«…Вл.Маковский не громил уже негодующими словами, но однообразно хихикал решительно надо всем, на чем останавливалось его холодное, в сущности, бессердечное внимание. Да и насмехался-то он не во имя какой-либо, хотя бы наивно понятой и даже чисто практической, земной, но все же высшей идеи, но только из горделивого, отталкивающего чувства своего превосходства над другими…»

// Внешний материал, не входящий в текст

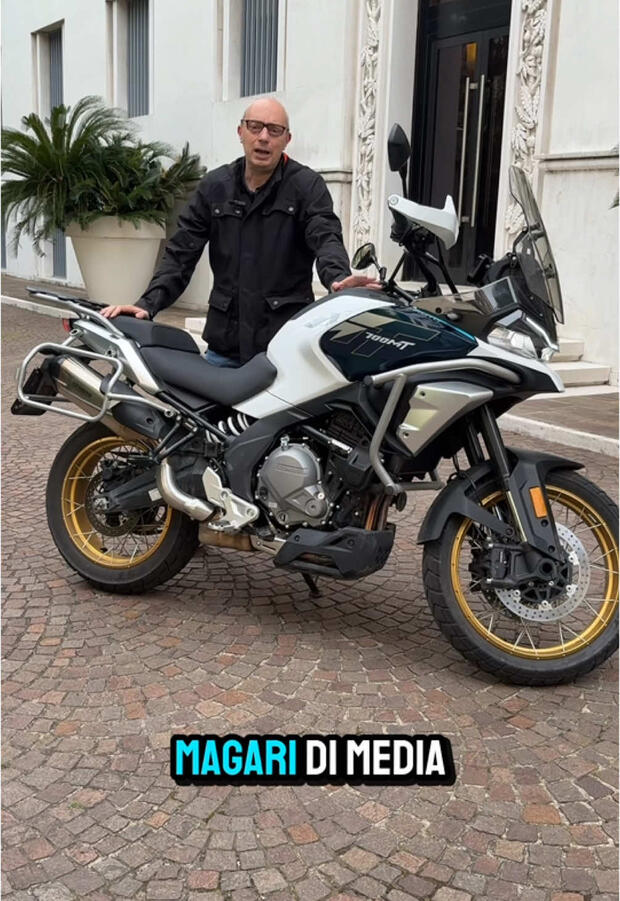 CFmoto 700MT Adv . . .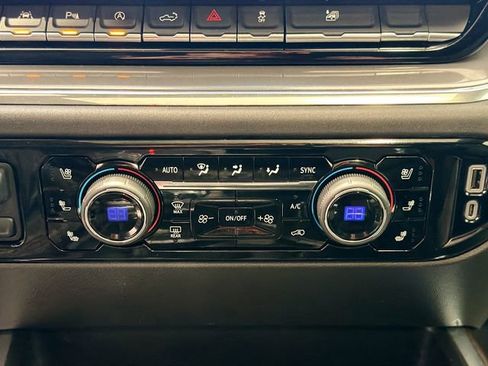 Used 2023 Chevrolet Silverado 1500 High Country w/ High Country Premium Package AWD/4WD image 16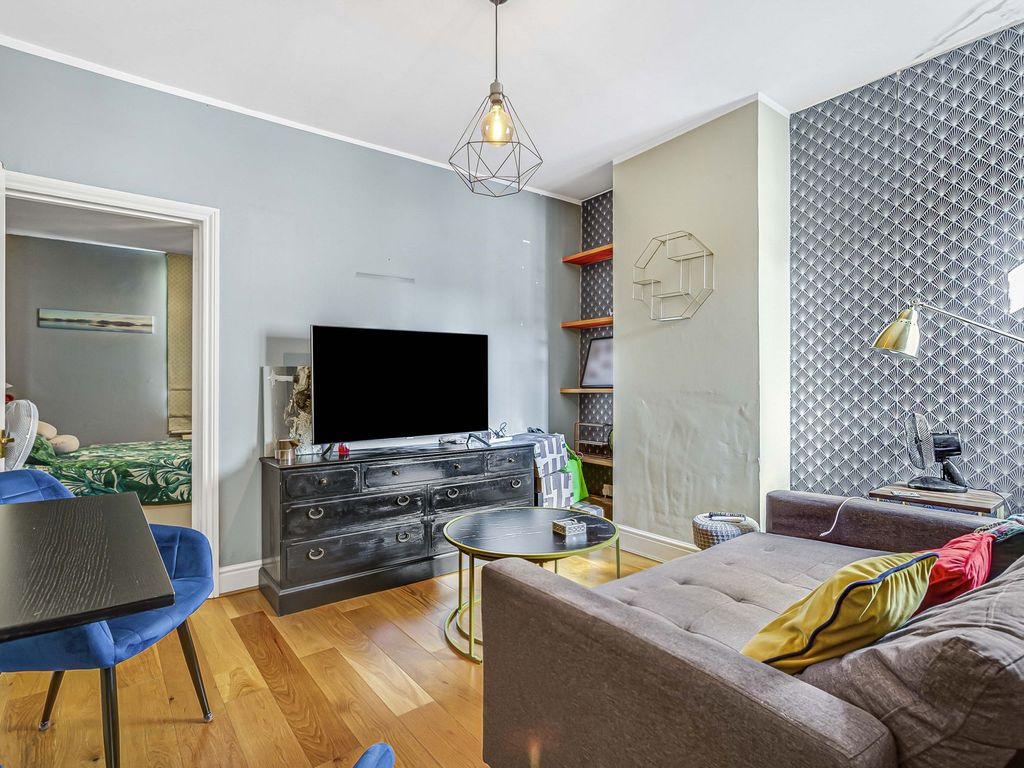 1 bed property for sale in Barnes High Street, Barnes SW13, £1,100,000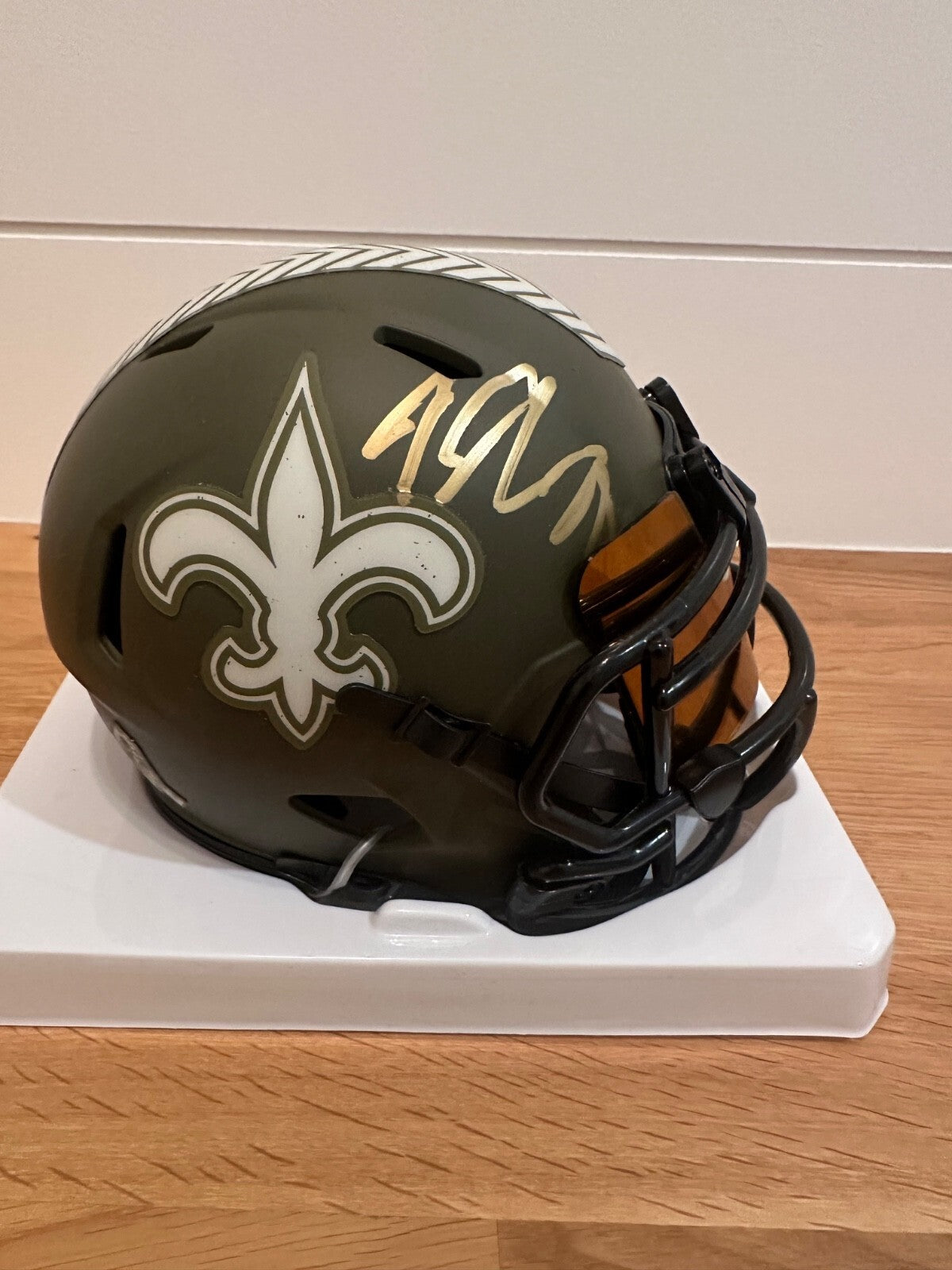 Jeremy Shockey Signed Saints Olive Green Mini Helmet – Leaf Witnessed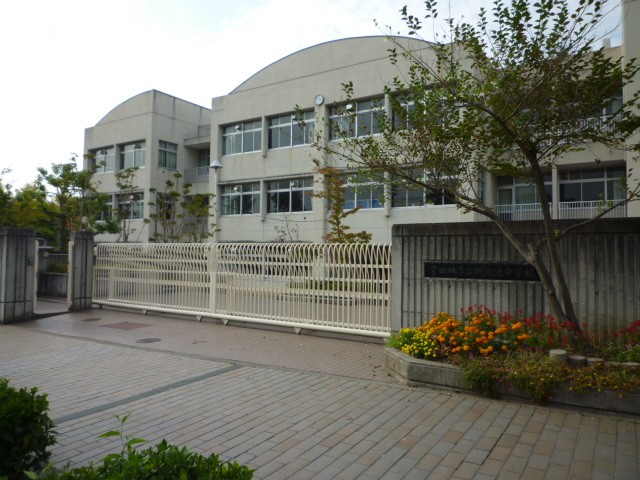 津々山グリーンハイツⅠ 中学校：富田林市立明治池中学校　313m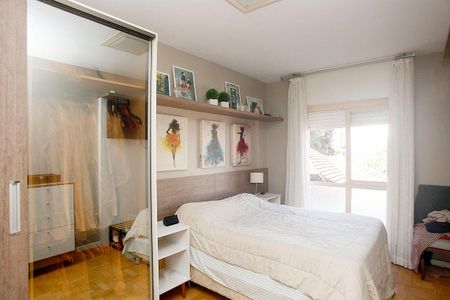 Quarto 1 Suíte de apartamento para alugar com 3 quartos, 100m² em Petrópolis, Porto Alegre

Конечно, в этом заявлении много фрондерства и бравады, какое всегда бывает у талантливых молодых людей в отношении их наставников и предшественников, и, конечно же неприкрытое желание эпатировать обывателя, который случайно заглянет в его «Историю русского искусства 19 века». Однако примерно о том же, хотя и немного с иной точки зрения пишет и другой младший современник Владимира Маковского, художник Яков Минченков который был неплохо знаком с ним лично. Бенуа представляет новое искусство, Минченков приверженец традиций передвижничества, он даже был в течение некоторого времени уполномоченным Товарищества и заведовал организацией передвижных выставок.
Но вот его мнение:
«…От Маковского академические сторожа приносили закутанные в покрывала картины небольшого размера в богатых золотых рамах. Содержание картин в большинстве известно наперед: чиновники, мелкие служащие на службе, отдыхе. Жанр, анекдот, живая сценка, юмор без надуманности, талантливо переданный. Но бывали и потуги, придуманные сцены, контрасты, от которых становилось скучно. Самодовлеющей живописи, как и рисунка в них не было Но была яркость красок, до иллюзии верная передача материала, которая признавалась за живопись большой публикой, приходившей в удивление от натуралистической передачи блеска стекла, золота и пр. А где не было сюжетности рассказа, так и живопись у Маковского как будто исчезала, картина казалась вялой, какой-то доморощенной…»
Но и у таких художников бывают иногда настоящие прорывы, когда кисть, будто сама по себе запечатлевает на холсте нечто большее и, возможно, иное, чем то, что изначально собирался изобразить художник.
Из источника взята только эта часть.